Provided material:

*** Begin section ***

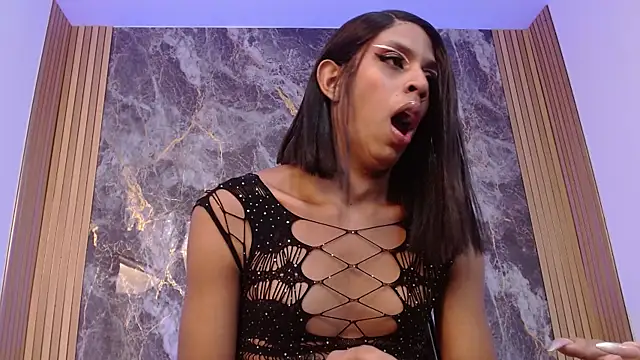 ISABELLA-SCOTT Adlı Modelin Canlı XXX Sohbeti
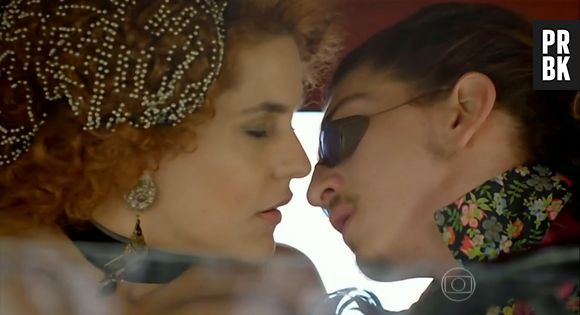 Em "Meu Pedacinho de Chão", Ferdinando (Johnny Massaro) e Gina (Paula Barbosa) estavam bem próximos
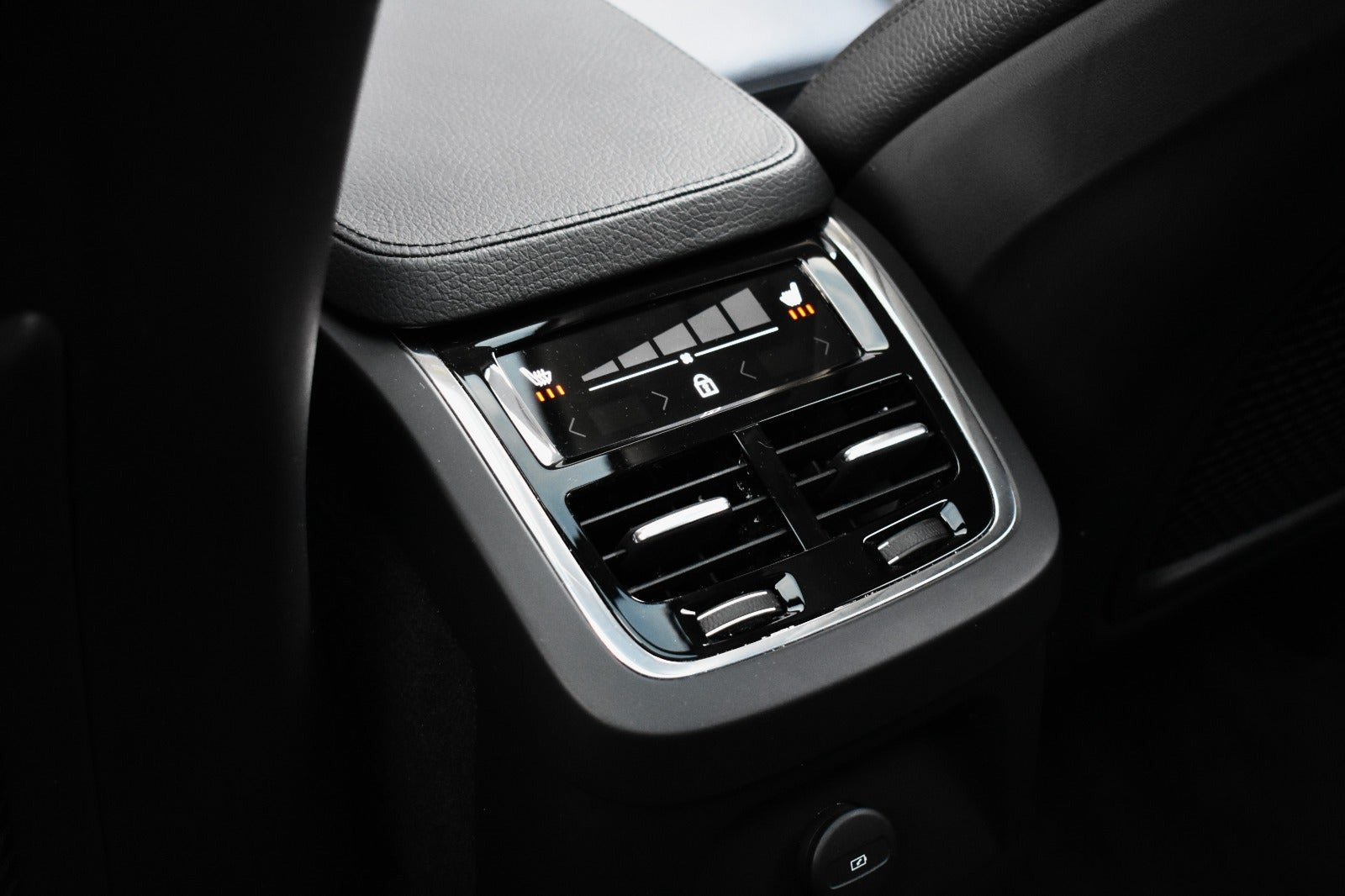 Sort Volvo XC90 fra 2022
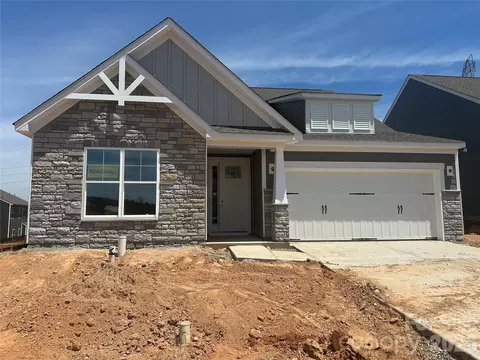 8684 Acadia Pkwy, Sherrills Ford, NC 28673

*** End section ***

Required work: This task calls for the lines from the line holding "Sort Volvo XC90 fra 2022" through the last line above, restated word for word with both ends included and the pictures dropped.

Solution to this exercise:
 Sort Volvo XC90 fra 2022
 8684 Acadia Pkwy, Sherrills Ford, NC 28673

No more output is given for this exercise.